95% confidence interval

(tcrit <- qt(0.025, df=n-1, lower.tail=FALSE))
[1] 2.042272
CI <- c(m - tcrit * SE, m + tcrit * SE)
names(CI) <- c("lower bound", "upper bound"); CI
lower bound upper bound 
   28.08171    50.57635 

Practice Problem #1

99% confidence interval

(tcrit <- qt(0.01/2, df=n-1, lower.tail=FALSE))
[1] 2.749996
CI <- c(m - tcrit * SE, m + tcrit * SE)
names(CI) <- c("lower bound", "upper bound"); CI
lower bound upper bound 
   24.18410    54.47397 

Hypothesis testing: One-sample t-test

Definition: The one-sample \( t \)-test compares the mean of a random sample from a normal population with the population mean proposed in a null hypothesis.

\( H_{0} \): The true mean equals \( \mu_{0} \) (\( \mu = \mu_{0} \))
\( H_{A} \): The true mean does not equal \( \mu_{0} \) (\( \mu \neq \mu_{0} \))
Test statistic: \[ t = \frac{\overline{Y}-\mu_{0}}{\mathrm{SE}_{\overline{Y}}} \] Sampling distribution of \( t \) under \( H_{0} \): \( t \)-distribution with \( df = n-1 \)

Practice Problem #1 (Elevation)

One-sample \( t \)-test

\[ H_{0}: \mu = 0 \\ H_{A}: \mu \neq 0 \]

First, let's calculate a \( P \)-value:

( tstat <- ( m - 0 ) / SE )
[1] 7.141309

Practice Problem #1 (Elevation)

First, let's calculate a \( P \)-value:

( pval <- 2 * pt( abs(tstat), df = n-1, lower.tail=FALSE) )
[1] 6.056689e-08

With significance level \( \alpha = 0.05 \), since \( P < 0.05 \), we reject the null hypothesis.

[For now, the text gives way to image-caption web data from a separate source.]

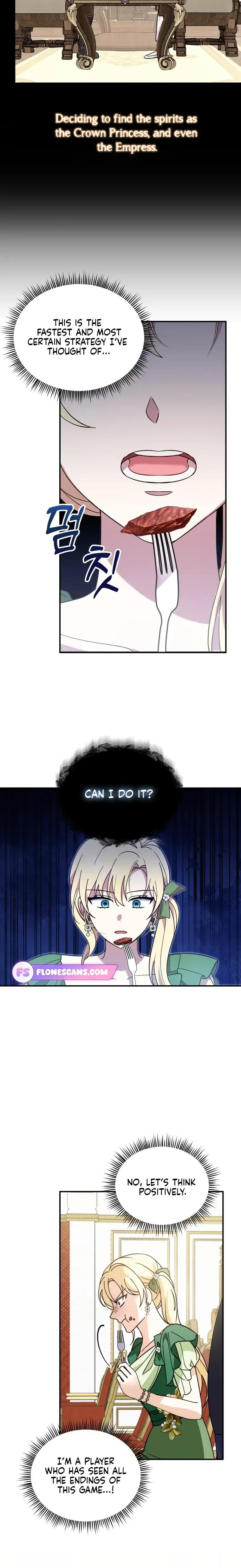 I’d Rather Abandon You Than Be Abandoned Chapter 10 page 7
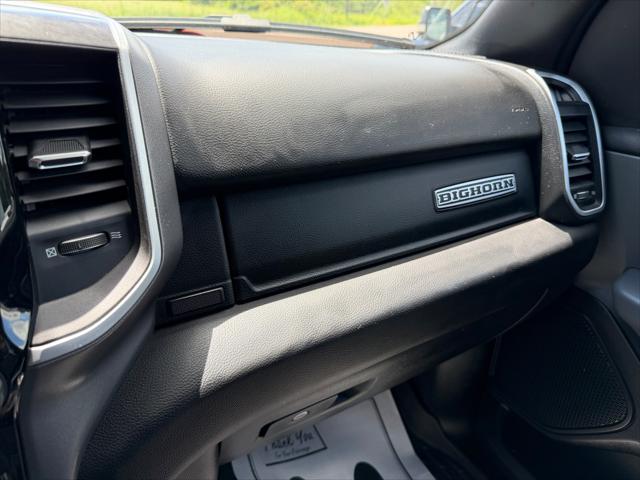 2023 Ram 1500 Big Horn Crew Cab 4x4 57 Box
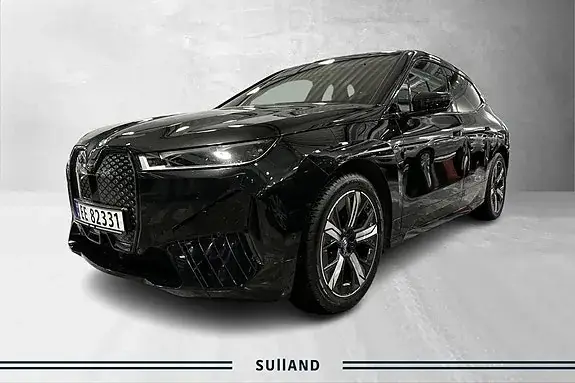 BMW Ix 2023 photo 3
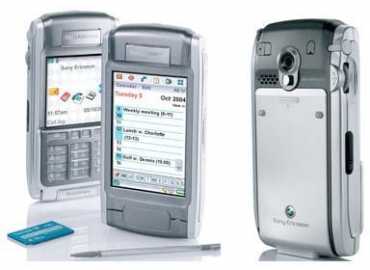 Фотоий: надувательство телефоны клетки SONY ERICSSON  P910A - SONY ERICSSON P910A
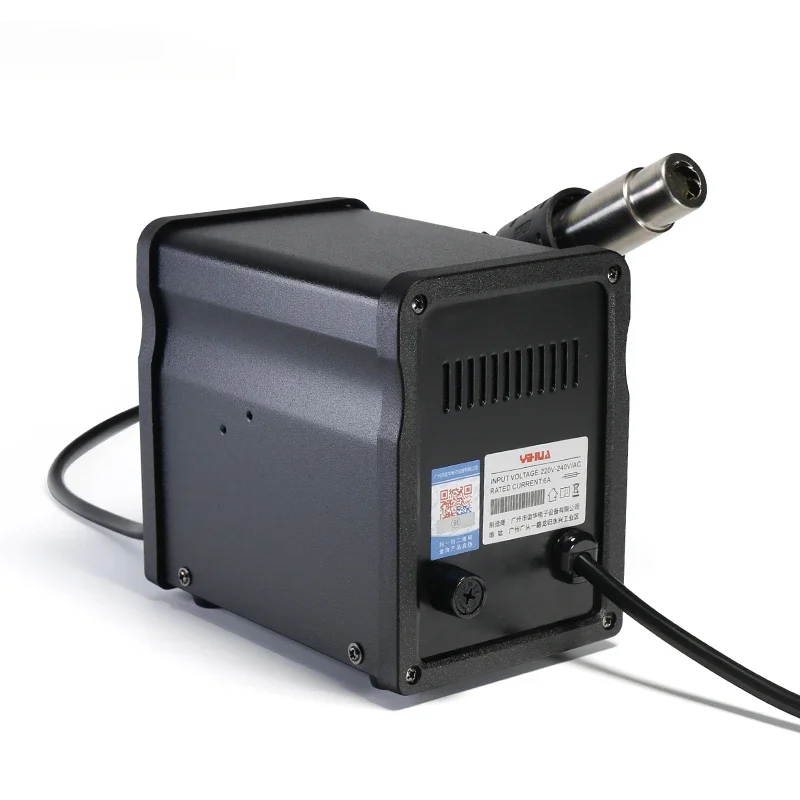 858 Heißluftschweißgerät Lötstation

Practice Problem #1 (Elevation)

One-sample \( t \)-test

Second, using critical values:

( data.frame(tstat, tcrit = qt(0.025, df = n-1, lower.tail=FALSE)) )
     tstat    tcrit
1 7.141309 2.042272

Conclusion: \( tstat > tcrit \), so we reject \( H_{0} \)

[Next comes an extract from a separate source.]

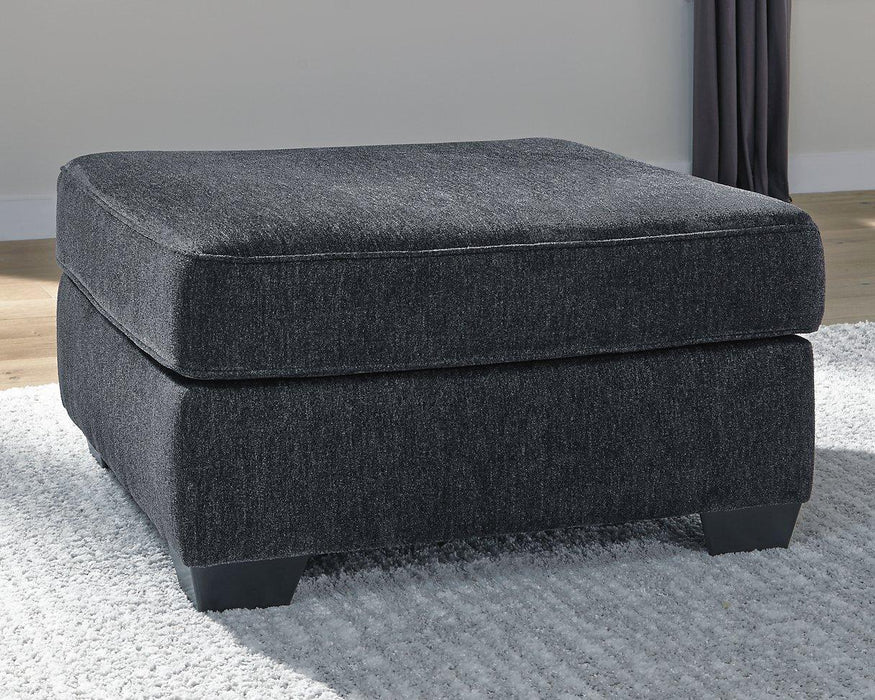 Altari Oversized Accent Ottoman - Furniture 4 Less (Jacksonville, NC)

Practice Problem #1 (Elevation)

One-sample \( t \)-test

\[ H_{0}: \mu = 0 \\ H_{A}: \mu \neq 0 \]

Third, using t.test function:

t.test(x = elevation, mu = 0, conf.level = 0.95)

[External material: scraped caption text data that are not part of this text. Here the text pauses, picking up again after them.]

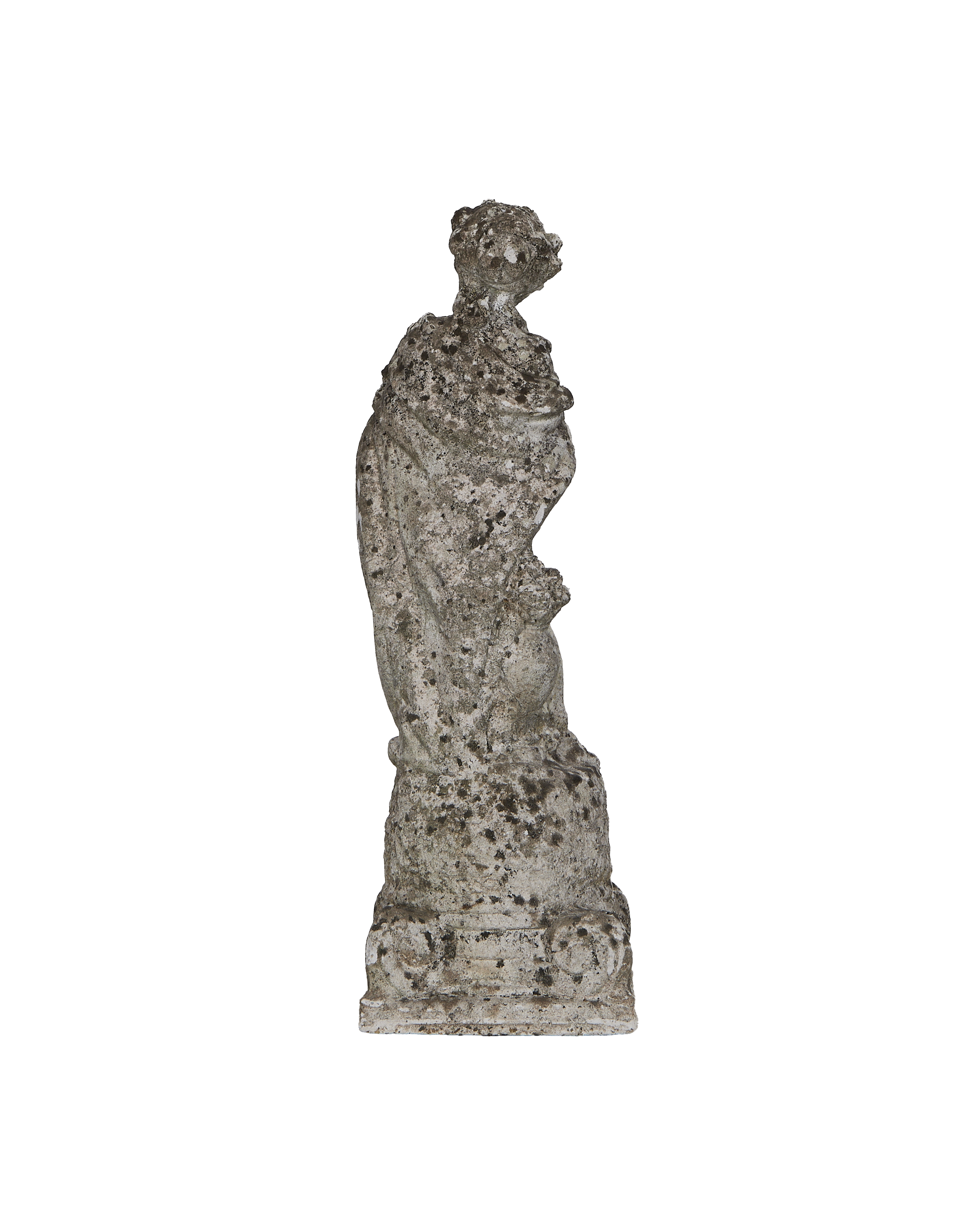 Olive Ateliers - Girl Statue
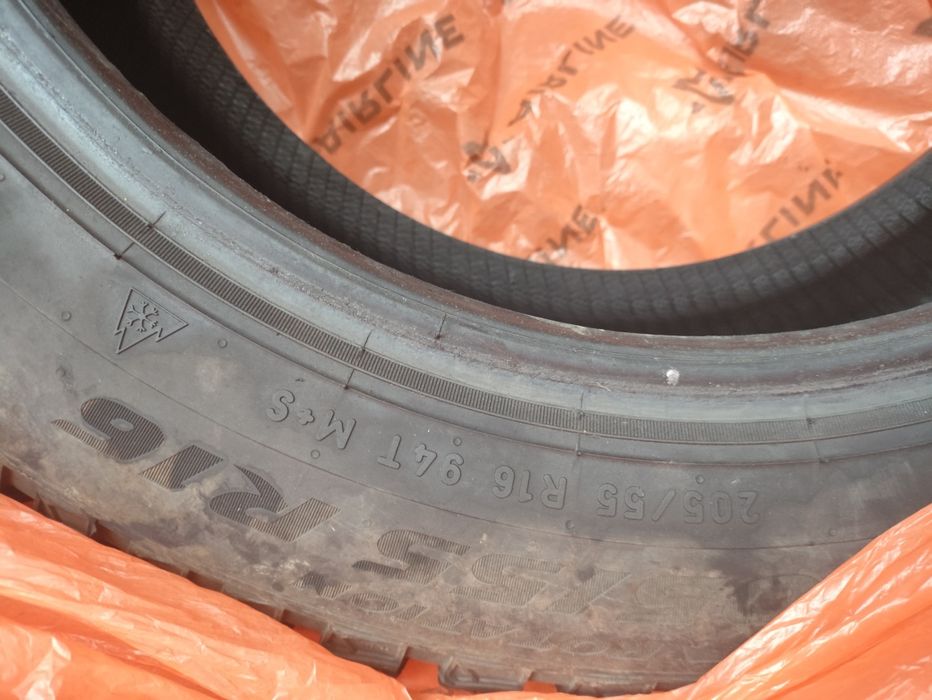 Продам зимнюю резину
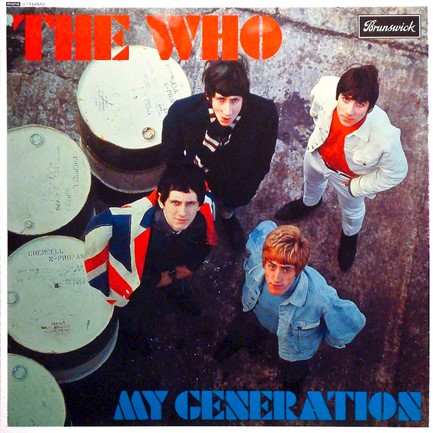 THE WHO - MY GENERATION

Practice Problem #1 (Elevation)


    One Sample t-test

data:  elevation
t = 7.1413, df = 30, p-value = 6.057e-08
alternative hypothesis: true mean is not equal to 0
95 percent confidence interval:
 28.08171 50.57635
sample estimates:
mean of x 
 39.32903 
  • Note: the confidence interval is a fourth way to test \( H_{0} \)!